The Reef Credits trial will function like other voluntary environmental markets around the world with an independent crediting body that will issue Reef Credits to landholders that have implemented projects that comply with approved methods for reducing nitrogen, sediment or pesticide losses. Under this trial, landholders can generate and sell Reef Credits to buyers including government, industry and not-for-profit organisations.
Reef Credits will be trialled initially in the Wet Tropics, and if successful, this scheme could expand into other catchments and attract private investment into water quality improvement projects. The trial will include establishment of an overarching framework for Reef Credits and how it could be applied across all GBR catchments, including setting the value of Reef Credits in terms of tonnes of sediment, nutrient and pesticide saved.
Credits will only be issued for projects that have been independently verified to have complied with methodologies approved under the Reef Credit framework.
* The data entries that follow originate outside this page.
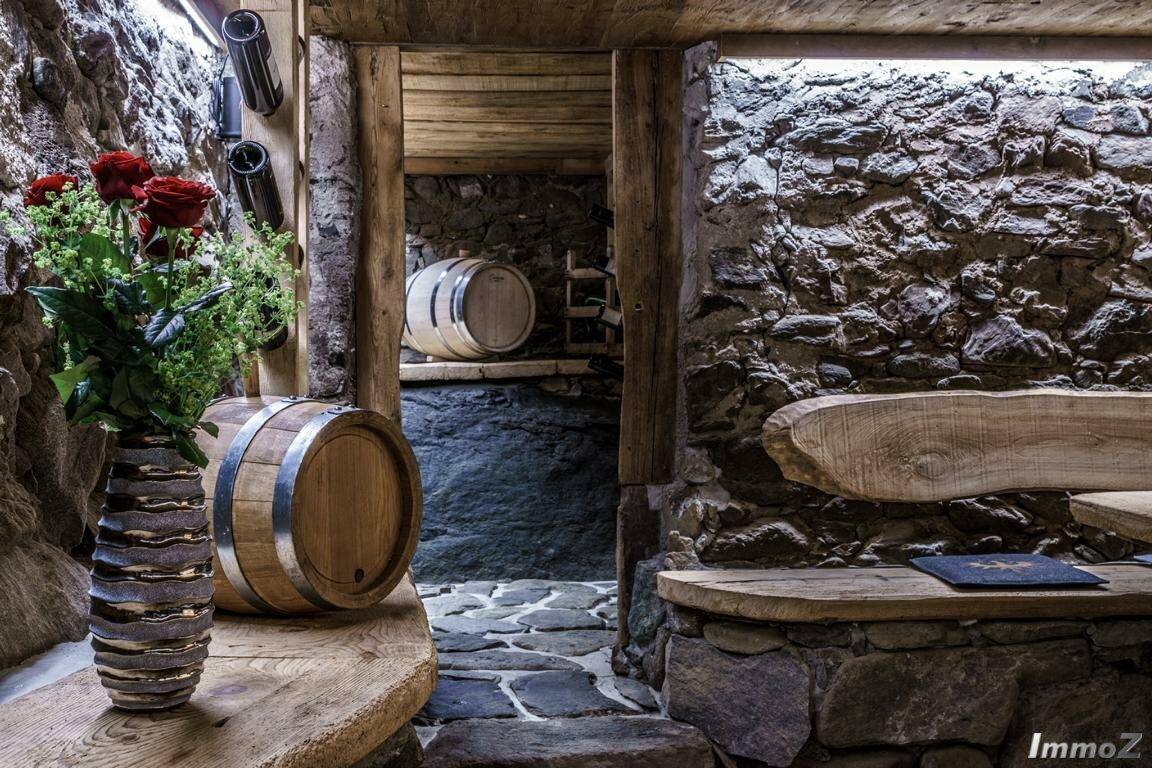 Rustikaler Weinkeller mit Steinwänden, Holzfässern und einer gemütlichen Sitzgelegenheit.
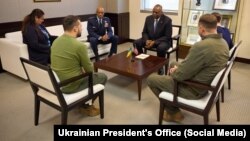 Ukrainian President Volodymyr Zelenskiy (front left) meets with U.S. Defense Secretary Lloyd Austin (center right) in Washington, D.C., on December 11.
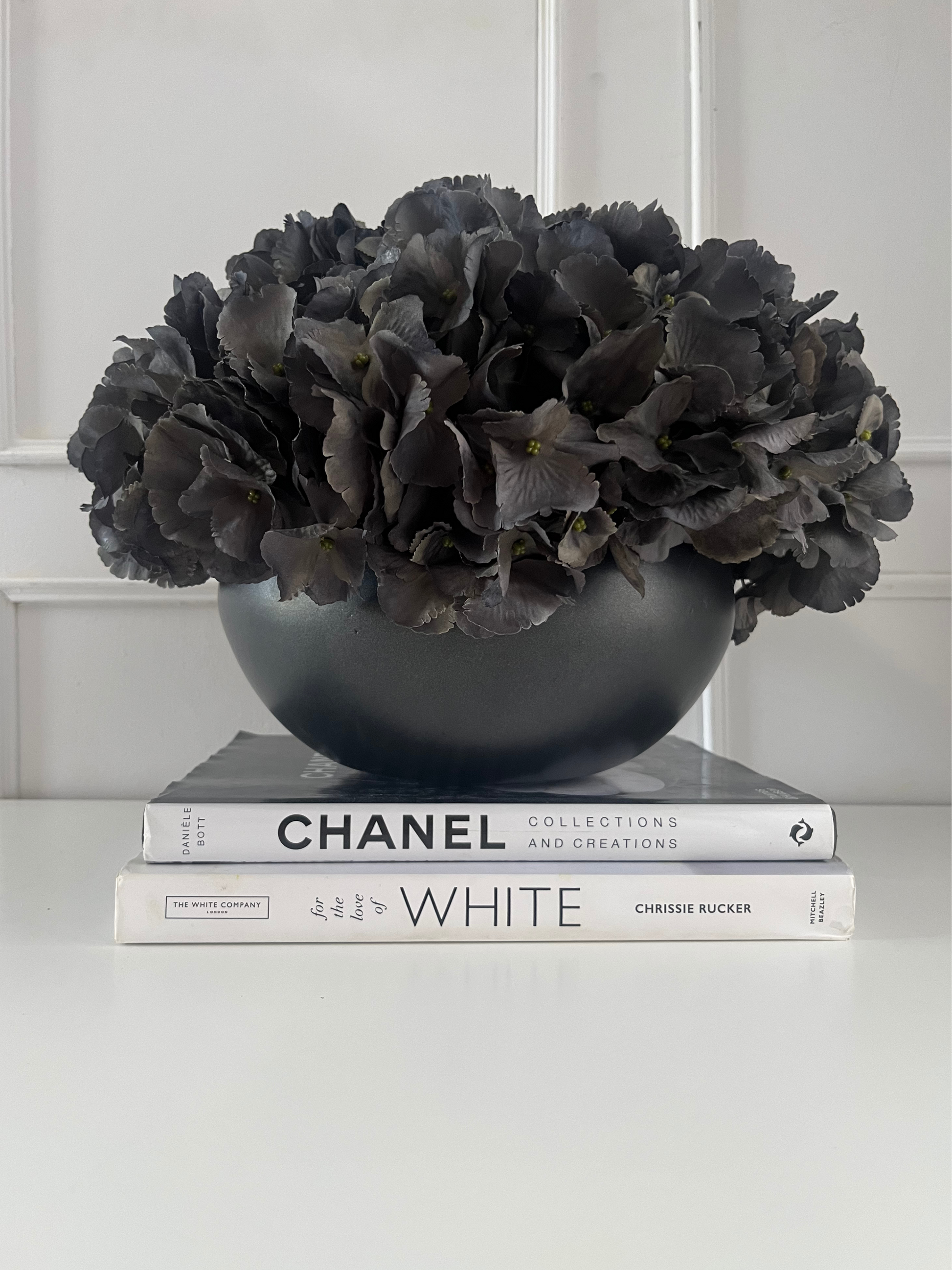 Dark grey artificial hydrangea set in a matt black ceramic bowl planter displayed on a stack of books.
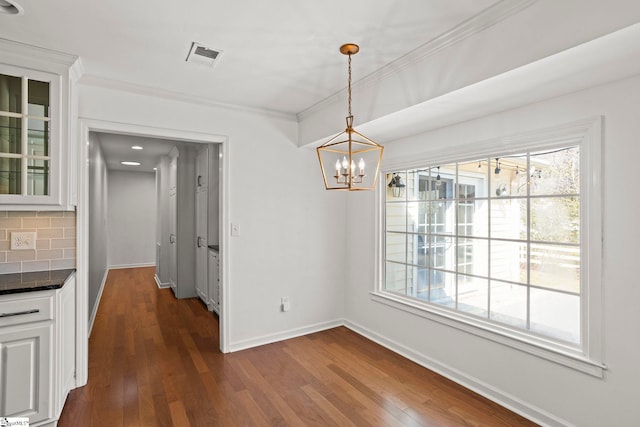 unfurnished dining area featuring a chandelier, dark wood-type flooring, visible vents, baseboards, and ornamental molding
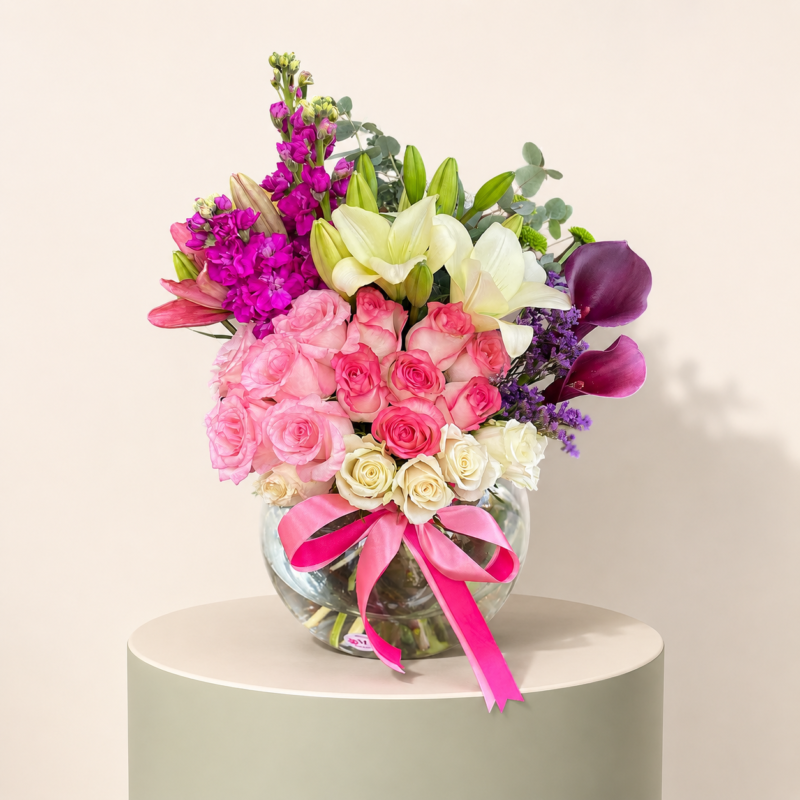 Luxury arrangement of pink roses, white lilies, cream roses, purple calla lilies, stock flowers, and greenery in a glass bowl by Marino Flowers.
Visit the Terrain website for more information on Reef Credits.
On 2 and 3 March 2017, Terrain NRM held creativity workshops in Mourilyan and Tully. Over 230 people attended the workshops, a third of which were local landholders. The impressive turnout generated more than 500 community-driven ideas for improving water quality in local waterways.
Read more about the creativity workshops.
Terrain NRM collated the community driven ideas generated through the creativity workshops into over 90 concepts to inform the technical prioritisation workshop, held on 20 and 21 March 2017. This workshop was about bringing together technical knowledge and community suggestions to underpin the MIPs design process. Terrain NRM used knowledge from key experts, industry representatives, and local landholders to assess those concepts and decide if they needed further development. Terrain considered each concept for its potential to garner community support, as well as location, feasibility, cost-effectiveness, socio-economic factors and level of innovation.
In order to complete the WTMIP program design, further engagement and consultation was required with partners and broader community in the Tully and lower Johnstone.
Solutions workshops were held on the 27 and 28 April to discuss the most promising concepts and enable input and refinement of the Draft Program Design from stakeholders and the broader community. This was an important opportunity for everyone to be part of the final program design by providing on-the-spot feedback opportunities.
The WTMIP will now move into the implementation phase by beginning work on the themes outlined in the program design— catchment repair and treatment systems, farm services, local scale monitoring, our catchment – our community, and influencing.